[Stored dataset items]

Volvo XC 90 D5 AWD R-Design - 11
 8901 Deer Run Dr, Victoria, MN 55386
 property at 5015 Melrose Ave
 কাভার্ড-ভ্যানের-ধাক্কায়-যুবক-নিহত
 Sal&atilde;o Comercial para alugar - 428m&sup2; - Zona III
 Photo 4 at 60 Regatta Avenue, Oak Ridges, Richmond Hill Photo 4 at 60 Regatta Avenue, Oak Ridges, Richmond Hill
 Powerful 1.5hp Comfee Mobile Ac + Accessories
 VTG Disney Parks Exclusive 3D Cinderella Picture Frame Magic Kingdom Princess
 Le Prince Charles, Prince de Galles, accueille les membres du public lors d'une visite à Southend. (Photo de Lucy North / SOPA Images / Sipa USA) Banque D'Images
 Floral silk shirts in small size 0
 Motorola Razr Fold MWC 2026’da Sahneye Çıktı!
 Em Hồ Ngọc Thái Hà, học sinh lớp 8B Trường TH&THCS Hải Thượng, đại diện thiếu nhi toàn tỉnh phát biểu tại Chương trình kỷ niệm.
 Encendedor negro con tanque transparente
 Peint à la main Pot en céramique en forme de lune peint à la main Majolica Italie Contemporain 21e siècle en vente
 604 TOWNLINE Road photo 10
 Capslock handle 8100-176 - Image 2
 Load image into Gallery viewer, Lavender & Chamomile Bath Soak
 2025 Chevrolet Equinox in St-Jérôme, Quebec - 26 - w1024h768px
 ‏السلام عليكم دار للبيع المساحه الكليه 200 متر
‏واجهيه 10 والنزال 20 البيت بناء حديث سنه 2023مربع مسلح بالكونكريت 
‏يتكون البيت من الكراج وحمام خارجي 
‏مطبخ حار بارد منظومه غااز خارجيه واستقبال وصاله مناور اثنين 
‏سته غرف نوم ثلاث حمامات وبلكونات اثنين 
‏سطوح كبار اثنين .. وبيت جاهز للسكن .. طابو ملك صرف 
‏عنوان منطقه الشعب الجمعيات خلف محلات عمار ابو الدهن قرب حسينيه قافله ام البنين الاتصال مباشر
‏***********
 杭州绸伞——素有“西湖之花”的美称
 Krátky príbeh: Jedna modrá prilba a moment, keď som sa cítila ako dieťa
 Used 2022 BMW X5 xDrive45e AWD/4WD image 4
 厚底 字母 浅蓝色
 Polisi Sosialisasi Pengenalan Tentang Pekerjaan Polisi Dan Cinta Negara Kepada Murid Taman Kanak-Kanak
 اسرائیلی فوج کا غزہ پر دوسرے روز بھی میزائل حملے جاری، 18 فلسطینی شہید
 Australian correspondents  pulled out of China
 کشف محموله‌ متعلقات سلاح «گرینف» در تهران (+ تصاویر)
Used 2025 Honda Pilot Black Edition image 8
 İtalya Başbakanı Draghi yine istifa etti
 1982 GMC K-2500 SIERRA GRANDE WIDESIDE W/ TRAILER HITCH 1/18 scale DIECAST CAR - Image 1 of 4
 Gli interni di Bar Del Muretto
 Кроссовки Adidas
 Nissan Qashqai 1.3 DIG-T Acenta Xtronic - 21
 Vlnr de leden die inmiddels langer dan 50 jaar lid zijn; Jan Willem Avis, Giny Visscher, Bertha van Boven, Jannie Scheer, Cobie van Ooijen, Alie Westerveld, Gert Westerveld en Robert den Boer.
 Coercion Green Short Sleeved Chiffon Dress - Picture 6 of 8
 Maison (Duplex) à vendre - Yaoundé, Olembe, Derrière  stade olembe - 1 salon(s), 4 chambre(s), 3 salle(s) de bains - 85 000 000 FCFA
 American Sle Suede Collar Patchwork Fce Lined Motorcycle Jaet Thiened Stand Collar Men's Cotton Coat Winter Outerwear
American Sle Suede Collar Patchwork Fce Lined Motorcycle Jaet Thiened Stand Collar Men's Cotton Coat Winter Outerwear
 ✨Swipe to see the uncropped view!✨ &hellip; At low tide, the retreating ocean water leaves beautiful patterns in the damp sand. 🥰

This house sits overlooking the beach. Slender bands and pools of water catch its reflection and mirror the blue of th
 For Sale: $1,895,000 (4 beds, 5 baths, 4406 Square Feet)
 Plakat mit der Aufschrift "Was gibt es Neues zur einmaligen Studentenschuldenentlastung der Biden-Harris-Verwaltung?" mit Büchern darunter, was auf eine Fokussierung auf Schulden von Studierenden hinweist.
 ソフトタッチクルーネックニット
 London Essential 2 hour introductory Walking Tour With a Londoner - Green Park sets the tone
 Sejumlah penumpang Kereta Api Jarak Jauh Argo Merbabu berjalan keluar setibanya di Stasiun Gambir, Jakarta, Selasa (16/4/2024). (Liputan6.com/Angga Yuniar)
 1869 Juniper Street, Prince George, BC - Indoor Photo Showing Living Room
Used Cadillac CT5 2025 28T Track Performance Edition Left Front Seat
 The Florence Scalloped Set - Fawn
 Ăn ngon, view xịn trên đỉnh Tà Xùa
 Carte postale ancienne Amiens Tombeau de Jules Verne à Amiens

### Work task:
Send back an exact copy of only the lines from the line with "2025 Chevrolet Equinox" up to and including the line with "damp sand. 🥰" in the data above.

### Result of this task:
 2025 Chevrolet Equinox in St-Jérôme, Quebec - 26 - w1024h768px
 ‏السلام عليكم دار للبيع المساحه الكليه 200 متر
‏واجهيه 10 والنزال 20 البيت بناء حديث سنه 2023مربع مسلح بالكونكريت 
‏يتكون البيت من الكراج وحمام خارجي 
‏مطبخ حار بارد منظومه غااز خارجيه واستقبال وصاله مناور اثنين 
‏سته غرف نوم ثلاث حمامات وبلكونات اثنين 
‏سطوح كبار اثنين .. وبيت جاهز للسكن .. طابو ملك صرف 
‏عنوان منطقه الشعب الجمعيات خلف محلات عمار ابو الدهن قرب حسينيه قافله ام البنين الاتصال مباشر
‏***********
 杭州绸伞——素有“西湖之花”的美称
 Krátky príbeh: Jedna modrá prilba a moment, keď som sa cítila ako dieťa
 Used 2022 BMW X5 xDrive45e AWD/4WD image 4
 厚底 字母 浅蓝色
 Polisi Sosialisasi Pengenalan Tentang Pekerjaan Polisi Dan Cinta Negara Kepada Murid Taman Kanak-Kanak
 اسرائیلی فوج کا غزہ پر دوسرے روز بھی میزائل حملے جاری، 18 فلسطینی شہید
 Australian correspondents  pulled out of China
 کشف محموله‌ متعلقات سلاح «گرینف» در تهران (+ تصاویر)
Used 2025 Honda Pilot Black Edition image 8
 İtalya Başbakanı Draghi yine istifa etti
 1982 GMC K-2500 SIERRA GRANDE WIDESIDE W/ TRAILER HITCH 1/18 scale DIECAST CAR - Image 1 of 4
 Gli interni di Bar Del Muretto
 Кроссовки Adidas
 Nissan Qashqai 1.3 DIG-T Acenta Xtronic - 21
 Vlnr de leden die inmiddels langer dan 50 jaar lid zijn; Jan Willem Avis, Giny Visscher, Bertha van Boven, Jannie Scheer, Cobie van Ooijen, Alie Westerveld, Gert Westerveld en Robert den Boer.
 Coercion Green Short Sleeved Chiffon Dress - Picture 6 of 8
 Maison (Duplex) à vendre - Yaoundé, Olembe, Derrière  stade olembe - 1 salon(s), 4 chambre(s), 3 salle(s) de bains - 85 000 000 FCFA
 American Sle Suede Collar Patchwork Fce Lined Motorcycle Jaet Thiened Stand Collar Men's Cotton Coat Winter Outerwear
American Sle Suede Collar Patchwork Fce Lined Motorcycle Jaet Thiened Stand Collar Men's Cotton Coat Winter Outerwear
 ✨Swipe to see the uncropped view!✨ &hellip; At low tide, the retreating ocean water leaves beautiful patterns in the damp sand. 🥰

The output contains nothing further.